I know what you’re thinking. What could be more helpful than The vector size of this filter as a description for vectorSize? Well, the basic idea is there’s a trade-off between space, speed and probability of a false positive. Here’s how I think about it:

  • vectorSize – The amount of memory used to store hash keys. Larger values are less likey to yield false positives. If the value is too large, you might as well use a HashSet.
  • nbHash – The number of times to hash the key. Larger numbers are less likely to yeild false positives at the expense of additional computation effort. Expect deminishing returns on larger values.
  • hashType – type of the hashing function (see Hash). The Hash documentation was reasonable so I’m not going to add anything.

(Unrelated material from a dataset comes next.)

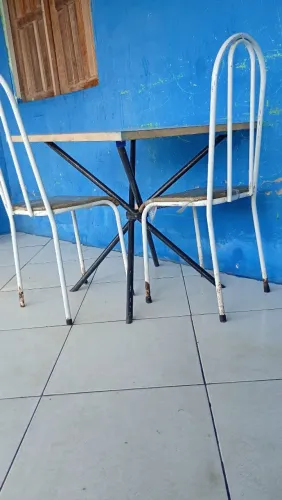 Vendo mesa pequena no precinho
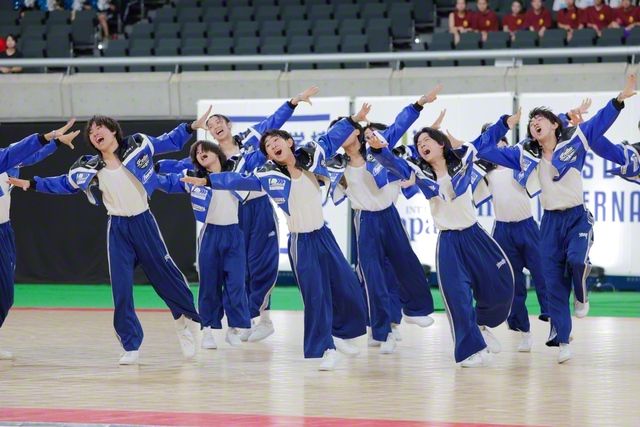 部門1位に輝いた東京高の男子ダンス部（25日、同）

I used trial and error to figure out numbers that were good for my constraints.

1
2
3
4
5
6
7
8
9
10
11
12
13
14
15
16
17
18
19
20
21
22
23
24
25
26
27
28
29
30
31
32
33
34
35
36
37
38
39
40
41
42
43
44
public class BloomFilterTests {
    private static BloomFilter bloomFilter;
    private static String knownKey = newGuid();
    private static int numberOfKeys = 500000;

    @BeforeClass
    public static void before() {
        bloomFilter = new BloomFilter(numberOfKeys * 20, 8, Hash.MURMUR_HASH);
        bloomFilter.add(newKey(knownKey));

        for (int i = 0; i < numberOfKeys; i++)
            bloomFilter.add(newKey(newGuid()));
    }

    @Test
    public void should_contain_known_key() {
        assertThat(hasKey(knownKey), is(true));
    }

    @Test
    public void false_positive_probability_should_be_low() {

        int count = 0;
        for (int i = 0; i < numberOfKeys; i++)
            if (hasKey(newGuid()))
                count++;

        int onePercent = (int) (numberOfKeys * .01);

        assertThat(count, is(lessThan(onePercent)));
    }

    private static String newGuid() {
        return UUID.randomUUID().toString();
    }

    private static Key newKey(String key) {
        return new Key(key.getBytes());
    }

    private boolean hasKey(String key) {
        return bloomFilter.membershipTest(newKey(key));
    }
}

When you have your numbers worked out, simply swap out the HashMap with the BloomFilter and then blog about it.